FLAMING STAR is a Don Siegel western about a mixed-race family – a white man, his white son, his Native American wife, and their son together, Pacer. They all get it from both sides but especially Pacer, who has one foot in each world. The whites won’t even speak to him after a Kiowa massacre of a white family, and at the same time he’s being pressured by the new chief to turn his back on the white man and become a Kiowa warrior. Not like the chief gives two shits about him, he just wants him for the propaganda value, to be able to show somebody who turned their back on the white man. But Pacer doesn’t want to do it and thinks they’ll kill him when he says no.

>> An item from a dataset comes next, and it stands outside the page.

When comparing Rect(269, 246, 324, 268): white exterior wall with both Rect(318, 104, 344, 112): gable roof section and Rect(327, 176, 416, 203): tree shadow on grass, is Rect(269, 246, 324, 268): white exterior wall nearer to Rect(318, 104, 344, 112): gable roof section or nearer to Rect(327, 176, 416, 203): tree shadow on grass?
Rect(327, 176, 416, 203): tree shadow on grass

He and his mother go into the Kiowa village to try to talk their way out of it. Pacer is convinced he’ll be forced to say no in front of everybody, but in fact the chief respects his bravery and allows him to leave peacefully to consider it more. They shouldn’t have been so distrustful. Ironically it’s a white man, an old friend, who ambushes them when they’re leaving.
Oh, and by the way Pacer is played by Elvis Presley. You know, the singer. I should’ve mentioned that probly. That might be relevant to how you’ll react to this one.

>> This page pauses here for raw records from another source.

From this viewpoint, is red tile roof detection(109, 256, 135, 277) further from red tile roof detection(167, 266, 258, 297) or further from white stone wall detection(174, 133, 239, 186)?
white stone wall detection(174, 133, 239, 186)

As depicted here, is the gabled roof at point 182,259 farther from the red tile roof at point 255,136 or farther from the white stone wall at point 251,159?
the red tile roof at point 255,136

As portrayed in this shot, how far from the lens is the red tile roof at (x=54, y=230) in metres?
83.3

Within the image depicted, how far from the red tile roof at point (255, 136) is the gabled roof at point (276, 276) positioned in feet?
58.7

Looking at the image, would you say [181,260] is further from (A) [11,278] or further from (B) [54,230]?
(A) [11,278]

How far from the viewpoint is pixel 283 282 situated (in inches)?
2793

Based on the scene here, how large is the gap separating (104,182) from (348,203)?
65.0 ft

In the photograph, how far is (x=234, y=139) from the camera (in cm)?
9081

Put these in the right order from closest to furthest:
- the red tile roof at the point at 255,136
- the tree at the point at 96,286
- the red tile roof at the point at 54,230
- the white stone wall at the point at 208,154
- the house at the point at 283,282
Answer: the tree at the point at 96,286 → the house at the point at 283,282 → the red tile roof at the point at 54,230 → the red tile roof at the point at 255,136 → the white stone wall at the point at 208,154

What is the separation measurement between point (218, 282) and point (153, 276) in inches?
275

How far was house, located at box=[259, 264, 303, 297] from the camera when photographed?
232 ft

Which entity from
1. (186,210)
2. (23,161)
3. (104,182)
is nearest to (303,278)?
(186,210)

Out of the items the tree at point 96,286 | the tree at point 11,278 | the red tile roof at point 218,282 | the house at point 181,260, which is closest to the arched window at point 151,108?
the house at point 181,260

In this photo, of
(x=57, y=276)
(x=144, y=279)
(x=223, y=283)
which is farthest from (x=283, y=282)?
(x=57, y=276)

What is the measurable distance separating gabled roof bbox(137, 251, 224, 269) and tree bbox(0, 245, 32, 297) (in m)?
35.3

That’s why I rented FLAMING STAR – when I realized there was a Don Siegel/Elvis team up I wanted to know how that works. The opening credits have Elvis singing the title song, and really early on he picks up a guitar and leads everyone in a singalong. So you’re figuring it’s a regular Elvis musical in a western setting. But then there’s a violent massacre with flaming arrows, and it’s a straightup western from then on. It just happens to star the King of Rock n Roll.
Elvis rides a horse and wears a cowboy hat and everything that being in a western entails, but he doesn’t try to hide his iconic persona. He’s still got the slick pompadour, still talks like The King. I guess Elvis is one of these guys like The Three Stooges, or like Mickey Mouse or the Muppets. He can travel through time, exist in different histories. There could’ve been an Elvis movie about the Crusades, about Shinobis, about the American Revolution or the construction of the Pyramids, and he’d be exactly the same dude, he’d just have different clothes on, that’s it. I like that. I think he deserves to have that power. I wish I could see those movies.
And you know what, there must be some kind of T.C.B. magic that makes it work, because somehow I accepted him as the half breed. You know, he has real dark hair. Seemed to make sense. Looks more Native American than Tom Laughlin, anyway. (In fact, his great great great grandmother was full-blooded Cherokee. I looked it up.)
It’s weird, but this movie fits into a couple of the themes I was writing about a month or so ago. Like THE BLIND SIDE it’s a very favorable portrayal of mixed race families. Also like THE BLIND SIDE it’s a good message held back slightly by problematic Hollywood traditions (in this case putting white people in makeup instead of hiring Native Americans). Also the message gives some serious ammunition to the argument that Chuck D. shouldn’t have called Elvis a racist (as discussed in the ELVIS PRESLEY GLADIATORS thread).
Pacer goes through the whole range of reactions to his predicament. He tries to transcend race. He tries to stick with the whites. When his (SPOILER) mother is killed he lashes out at everybody, even his brother, about all the racism he’s suffered throughout his life. Ultimately he gives up, but tells his brother that “Maybe some day they’ll understand people like you and me.”
“People like you and me” could mean people from mixed races families, or it could mean people who accept different races and cultures as brothers, and don’t see what the big fucking deal is. People like Elvis.
March 29th, 2010 at 12:55 am
This review had quite the affect you wanted, I think, Vern. I was thinking this sounds like an interesting movie, and then I see the poster of Elvis, and think what the hang? It’s an Elvis movie?
Colour me curious, I haven’t really seen any Elvis films, but this just sounds like it has to be seen.